Assignment. Beginning with the line of the entries below that holds "Wallpaper Mural Sunset" and ending with the line that holds "Ожесточенная перестрелка и", transcribe each line exactly as written. Pictures stay out.

Entries provided.
• • • • •
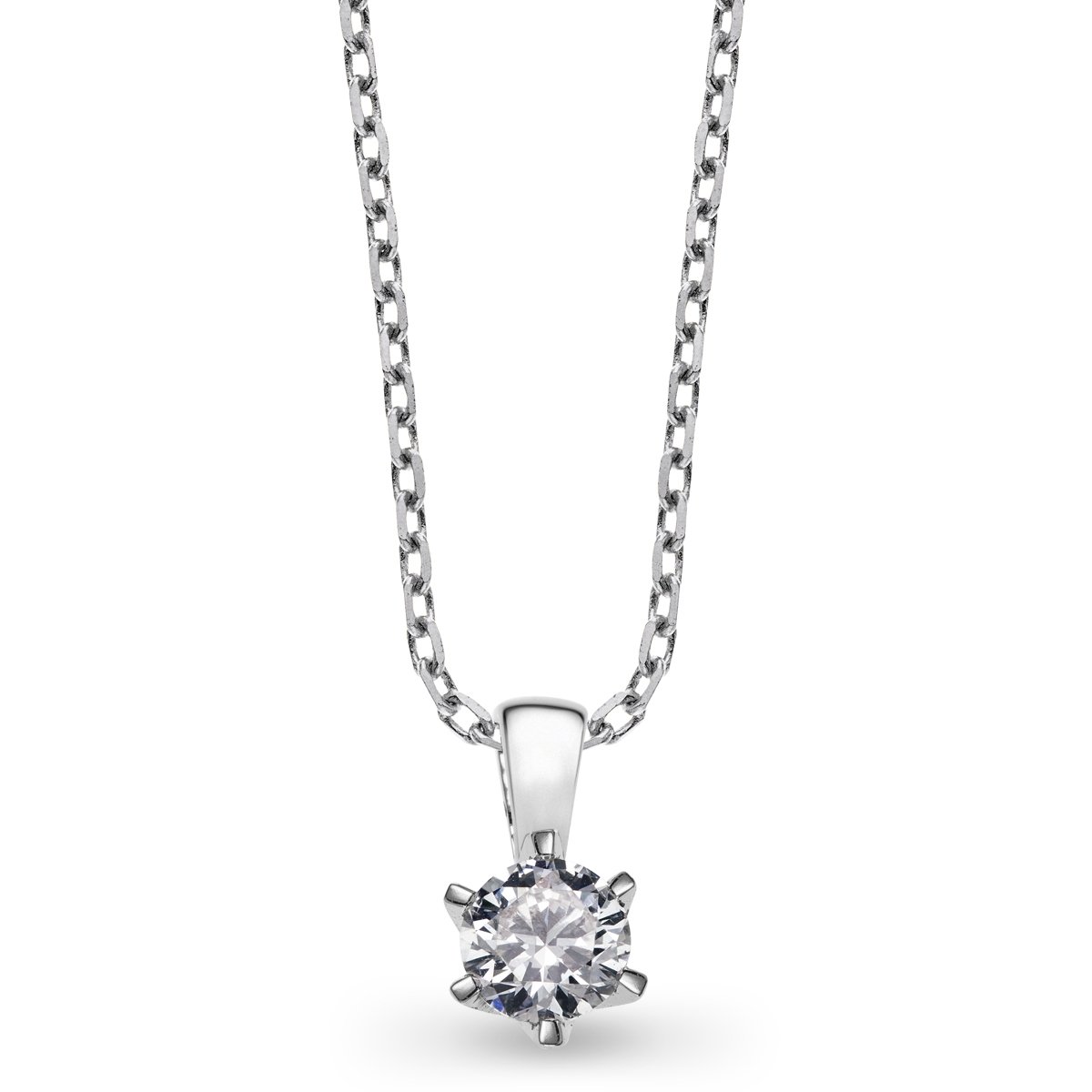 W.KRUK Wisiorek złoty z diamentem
• • • • •
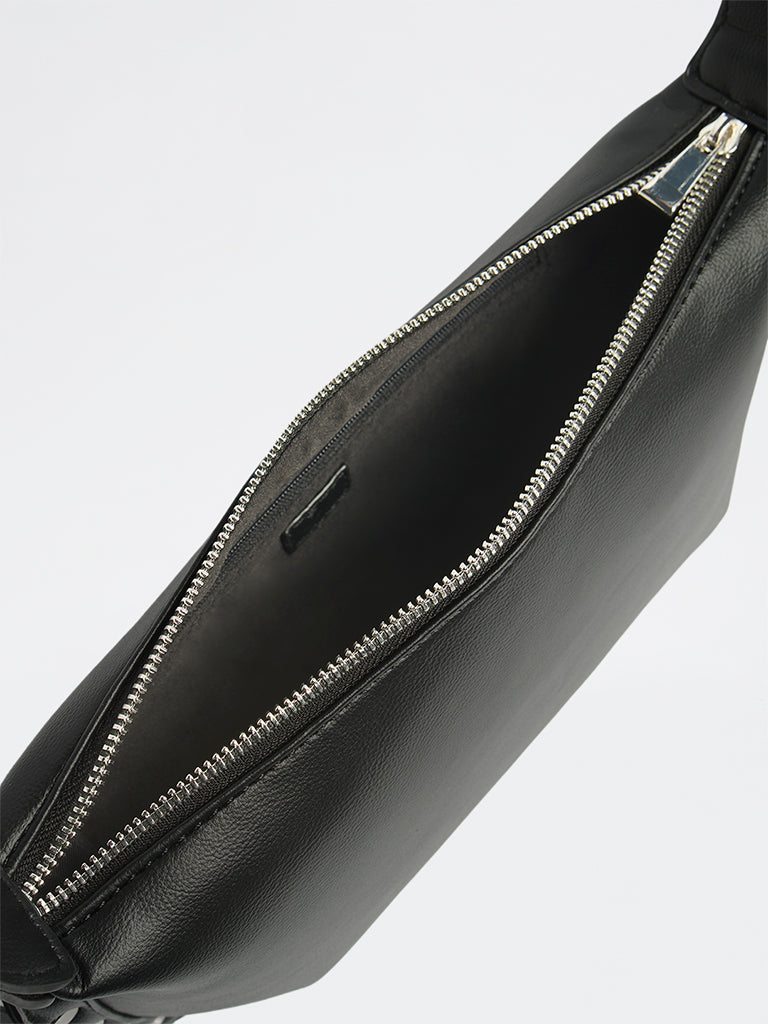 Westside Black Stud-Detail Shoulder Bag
• • • • •
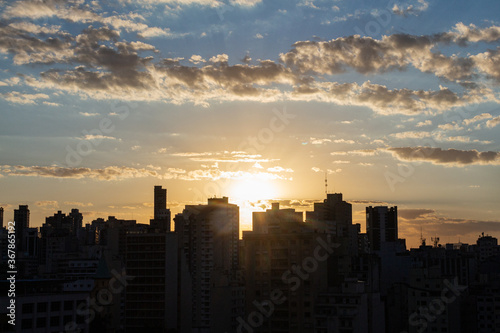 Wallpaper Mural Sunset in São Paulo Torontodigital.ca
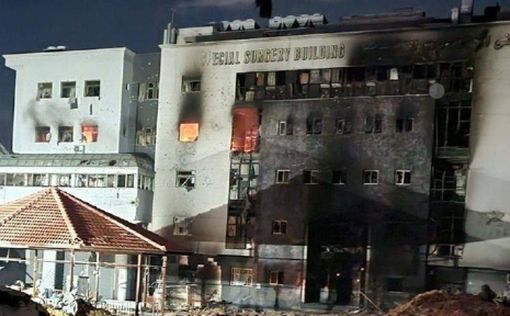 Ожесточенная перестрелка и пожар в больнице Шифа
• • • • •
Exercise result.
 Wallpaper Mural Sunset in São Paulo Torontodigital.ca
 Ожесточенная перестрелка и пожар в больнице Шифа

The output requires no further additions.